# [SOLVED] Always need to restart computer to get internet working



## NewTechy (Aug 12, 2012)

Hello, I am facing the unique problem since three days, whenever I start the computer my internet works fine at the beginning and when I download some files which are around 80 MB to 100 MB, it gets complete for 99% and then suddenly transfer rate becomes 0bytes/per sec., nothing works, not even any internet page opens up. In such situation all I have to do is restart my PC and it again works fine until I download some files. It seems like someone is playing with the connection and stops my downloading at the last moment to ruin my efforts which happens all the time. 

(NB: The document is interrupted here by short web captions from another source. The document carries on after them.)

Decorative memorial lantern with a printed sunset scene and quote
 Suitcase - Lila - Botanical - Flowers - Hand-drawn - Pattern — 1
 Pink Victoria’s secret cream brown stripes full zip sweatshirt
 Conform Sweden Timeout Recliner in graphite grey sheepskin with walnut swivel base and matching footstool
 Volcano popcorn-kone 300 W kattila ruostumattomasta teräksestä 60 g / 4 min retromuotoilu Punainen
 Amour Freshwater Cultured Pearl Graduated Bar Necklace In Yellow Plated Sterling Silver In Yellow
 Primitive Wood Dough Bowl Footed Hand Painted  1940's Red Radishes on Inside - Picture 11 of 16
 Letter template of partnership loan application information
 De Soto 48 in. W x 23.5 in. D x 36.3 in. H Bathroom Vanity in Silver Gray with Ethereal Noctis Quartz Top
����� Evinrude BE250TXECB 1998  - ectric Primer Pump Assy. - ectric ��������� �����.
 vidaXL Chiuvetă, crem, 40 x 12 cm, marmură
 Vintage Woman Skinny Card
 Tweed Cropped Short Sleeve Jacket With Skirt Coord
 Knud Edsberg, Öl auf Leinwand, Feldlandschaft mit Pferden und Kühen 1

When it stops working, I tried to test connection through CMD command which shows connection is fine:

Pinging Google [74.125.236.148] with 32 bytes of data:

Reply from 74.125.236.148: bytes=32 time=16ms TTL=56
Reply from 74.125.236.148: bytes=32 time=16ms TTL=56
Reply from 74.125.236.148: bytes=32 time=15ms TTL=56
Reply from 74.125.236.148: bytes=32 time=15ms TTL=56

Ping statistics for 74.125.236.148:
Packets: Sent = 4, Received = 4, Lost = 0 (0% loss),
Approximate round trip times in milli-seconds:
Minimum = 15ms, Maximum = 16ms, Average = 15ms

I have two internet connections, one is broadband and another is data-card and I face this issue on both the connections which clarifies that there is nothing wrong with my internet connection which I have confirmed with my ISP as well. 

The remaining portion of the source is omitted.